6 quick tips to Parse JSON with Circe

6 QUICK tips to parse Circe

Marshall and Unmarhsall JSON is the bread and butter of ETL. There has been much library that gives ways to help the data wrangling process much seamless. One of these JSON libraries that gain much popularity lately is Circe. It is a library that creates a shapeless dependency that has an automatic deserialization function that serializes JSON string to a domain model. However, these JSON libraries also come with a catch. For example, you keep encountering decode failure if you don’t know what you need to use the prepare method to handle class with default on the non-optional field. Decoding nested arrays and objects is hard if you don’t know some vital work around the libraries. You encounter a lot of questions, such as what is the difference between auto and semi-auto, and when do you need to use one vs. the other?

These questions can sometimes be daunting. I spent days and weeks, scratching my head, pulling my hair, understand and learn all the best practices in using this JSON library – I concluded 6 simple tips that I learn that can save you tons of time in using Circe in your future Scala projects.

Setup

Before we started, let’s setup up the environment. If you haven’t set up SBT, you can look at the documentation here. Paste the dependency on your build.sbt file:

val circeVersion = "0.11.1"

libraryDependencies ++= Seq(
  "io.circe" %% "circe-core",
  "io.circe" %% "circe-generic",
  "io.circe" %% "circe-parser"
).map(_ % circeVersion)

Let’s get down to 6 tips and the examples on ways to decode JSON in Scala:

Decoding Objects

case class Product(productId: Long, price: Double, countryCurrency: String, inStock: Boolean)

object Product {
  implicit val decoder: Decoder[Product] = deriveDecoder[Product]
  implicit val encoder: Encoder[Product] = deriveEncoder[Product]

  def main(args: Array[String]): Unit = {
    val inputString: String =
      """
        |{
        |   "productId": 111112222222,
        |   "price": 23.45,
        |   "countryCurrency": "USD",
        |   "inStock": true
        |}
        |""".stripMargin

    decode[Product](inputString) match {
      case Right(productObject) => println(productObject)
      case Left(ex) => println(s"Ooops some errror here ${ex}")
    }
  }
}

Define the domain model for decoding the JSON value by defining an implicit encode and decode value with Circe.

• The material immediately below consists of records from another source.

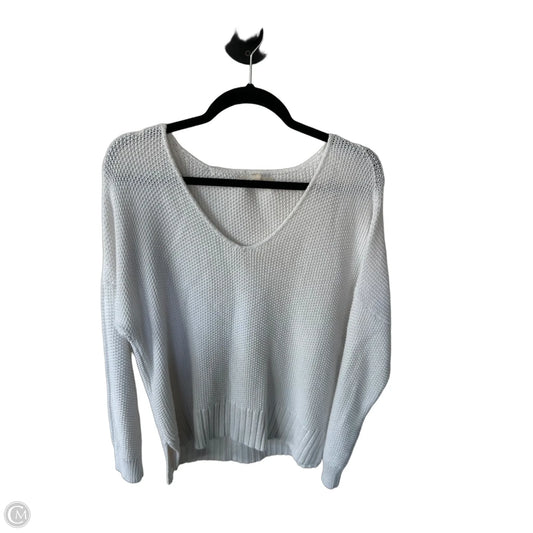 Sweater By Lucky Brand In White, Size: M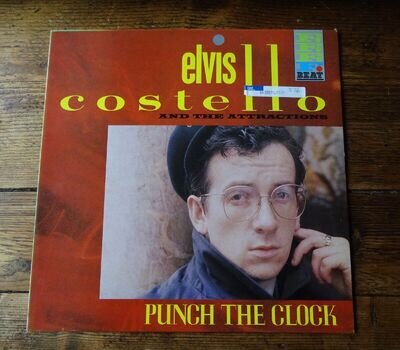 Elvis Costello-Punch The Clock Exc Original 1983 pressing XXLP19 vinyl inner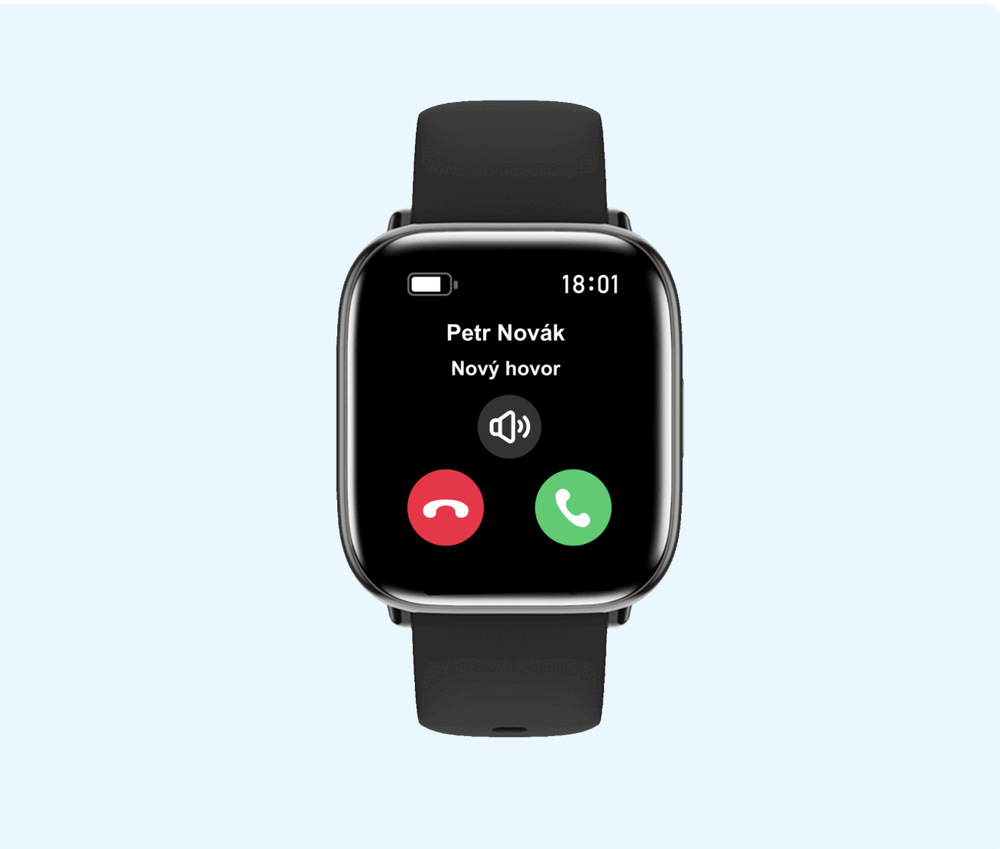Inteligentné hodinky Carneo Proxima HR+ čierne Inteligentné hodinky Carneo Proxima HR+ čierne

Noticed the implicit Val in objects? When you define an implicit value in the companion objects (implicit scope), you don’t need to introduce the import tax when you call the decode[A] value.

Decoding Arrays

case class Book(book: String)

object Book {
  implicit val decoder: Decoder[Book] = deriveDecoder[Book]

  def main(args: Array[String]): Unit = {
    val inputString =
      """
        |[
        | {"book": "Programming in Scala"},
        | {"book": "How to Win Friends and Influence People"},
        | {"book": "HomoSapiens"},
        | {"book": "Scala OOP"}
        |]
        |""".stripMargin

    parser.decode[List[Book]](inputString) match {
      case Right(books) => println(s"Here are the books ${books}")
      case Left(ex) => println(s"Ooops something error ${ex}")
    }
  }
}

When you decode a list of arrays, set the case class to a single object. Then, when you invoke decode parser, you need to specify what data structure is holding that JSON value – in this case, it is a List: parser.decode[List[Book]].

Decoding Automatically

case class Form(firstName: String, lastName: String, age: Int, email: Option[String])

object Form {

  def main(args: Array[String]): Unit = {
    val inputString =
      """
        |[
        |    {"firstName": "Rose", "lastName":"Jane", "age":20, "email":"roseJane@gmail.com"},
        |    {"firstName": "John", "lastName":"Doe" , "age": 45}
        |]
        |""".stripMargin

    parser.decode[List[Form]](inputString) match {
      case Right(form) => println(form)
      case Left(ex) => println(s"Ooops something happened ${ex}")
    }
  }
}

Circe has an auto decoder feature that automatically decodes a string of JSON to the domain model for you. You need to import io.generic.auto._

Decoding Manually

case class Applicant(name: String, age: Int, phoneNumber: String)

object Applicant {
  // here we are actually casting the return value to Decode
  implicit val decoder: Decoder[Applicant] = (hCursor: HCursor) =>
    for {
      name <- hCursor.get[String]("name")
      age <- hCursor.downField("age").as[Int]
      phoneNumber <- hCursor.get[String]("phoneNumber")
    } yield Applicant(name, age, phoneNumber)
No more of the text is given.